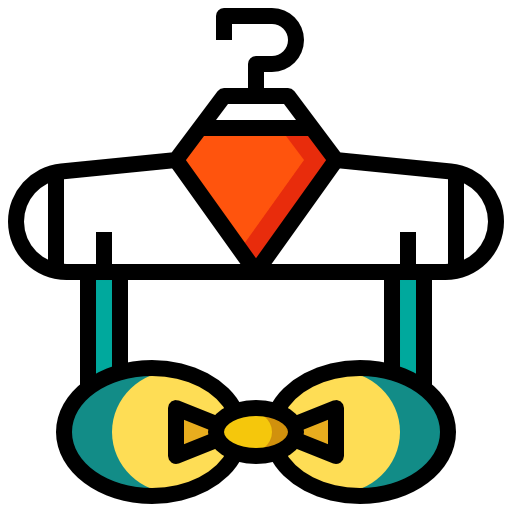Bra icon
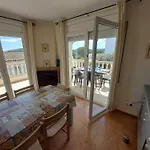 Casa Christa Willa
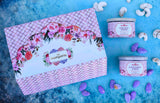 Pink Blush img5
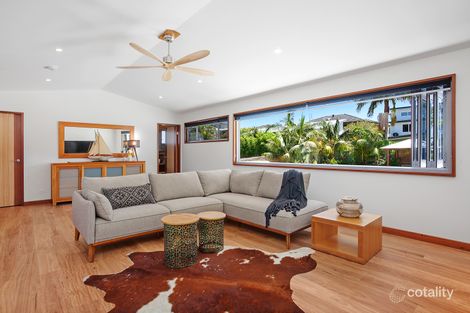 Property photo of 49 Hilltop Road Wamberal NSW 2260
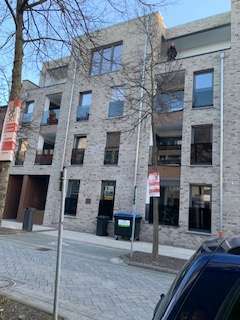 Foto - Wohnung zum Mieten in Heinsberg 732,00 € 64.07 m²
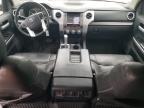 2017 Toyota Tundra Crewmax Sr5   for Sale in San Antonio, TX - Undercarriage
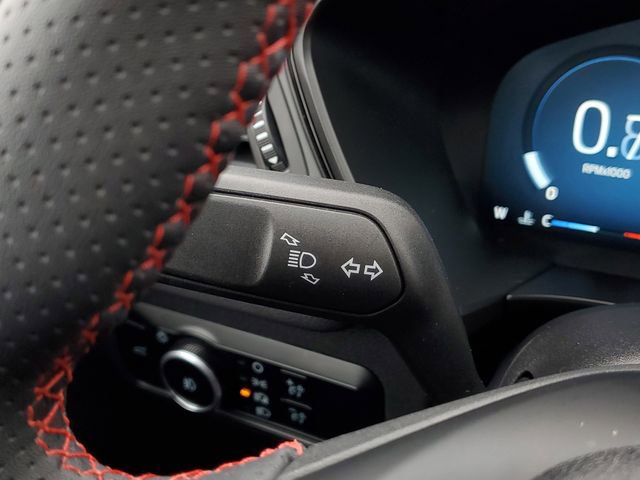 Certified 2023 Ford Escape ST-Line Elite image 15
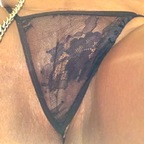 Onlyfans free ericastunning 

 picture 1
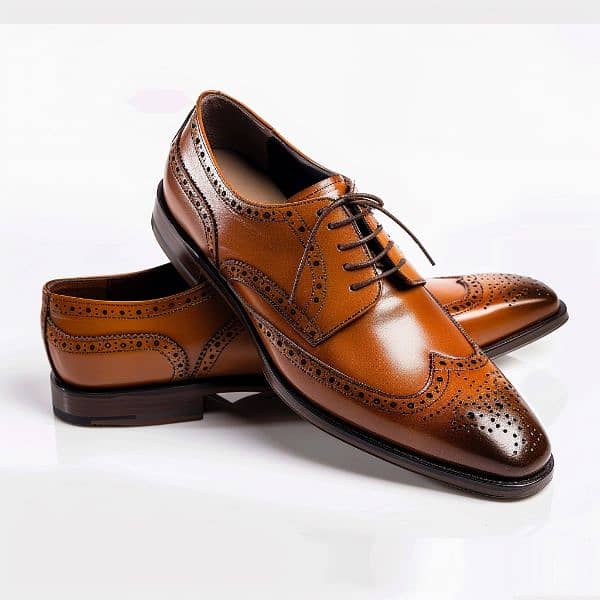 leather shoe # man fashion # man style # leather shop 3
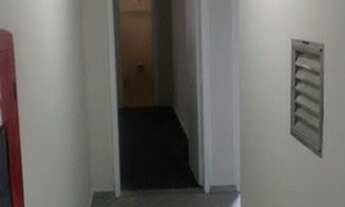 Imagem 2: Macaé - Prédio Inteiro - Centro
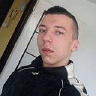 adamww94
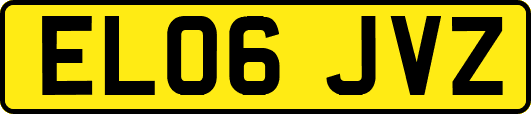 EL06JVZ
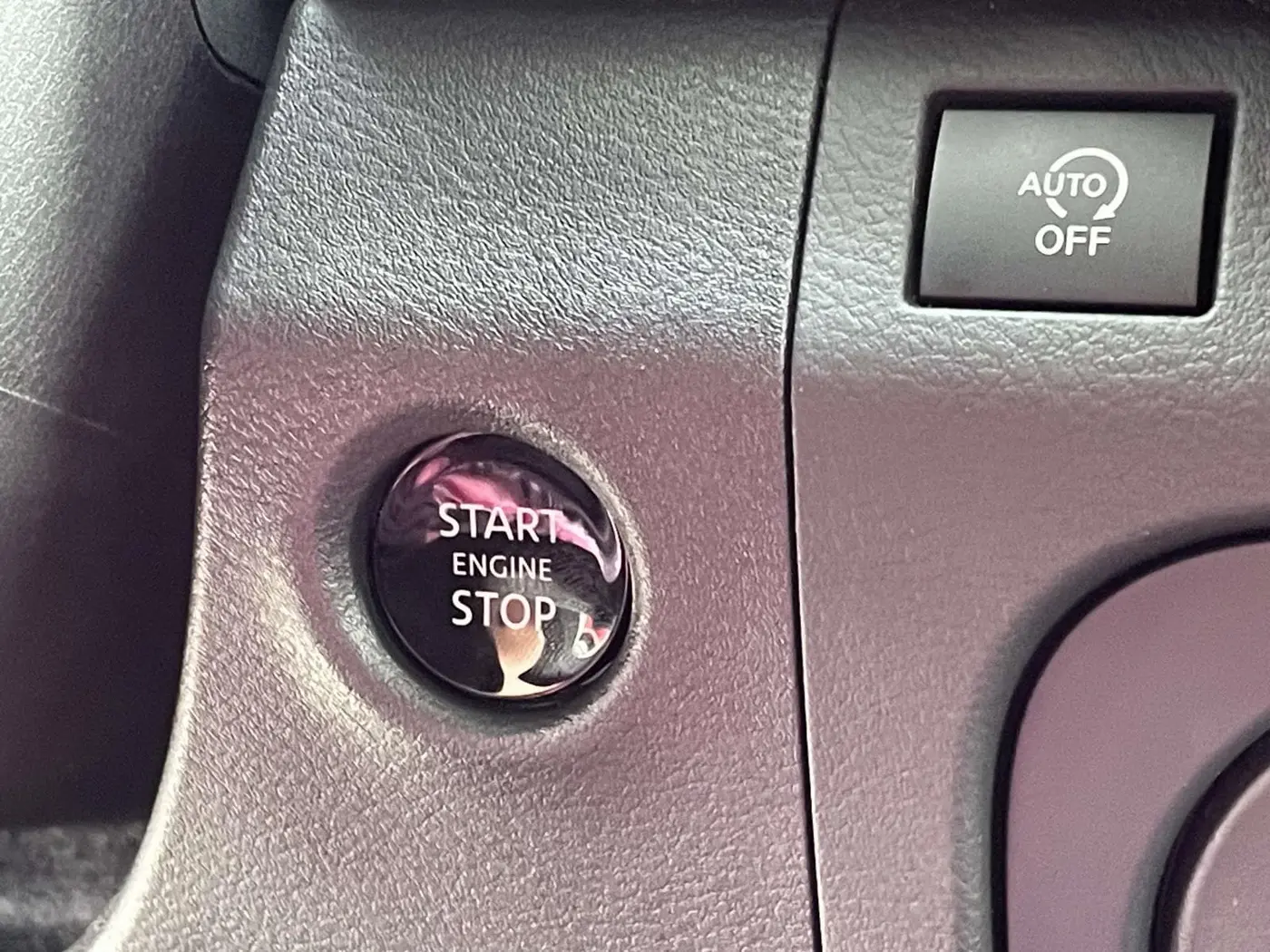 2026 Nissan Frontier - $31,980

————————

= YOUR TASK =
Write the records out again verbatim and omit the pictures they contain.

= TASK SOLUTION =
Bra icon
 Casa Christa Willa
 Pink Blush img5
 Property photo of 49 Hilltop Road Wamberal NSW 2260
 Foto - Wohnung zum Mieten in Heinsberg 732,00 € 64.07 m²
 2017 Toyota Tundra Crewmax Sr5   for Sale in San Antonio, TX - Undercarriage
 Certified 2023 Ford Escape ST-Line Elite image 15
 Onlyfans free ericastunning 

 picture 1
 leather shoe # man fashion # man style # leather shop 3
 Imagem 2: Macaé - Prédio Inteiro - Centro
 adamww94
 EL06JVZ
 2026 Nissan Frontier - $31,980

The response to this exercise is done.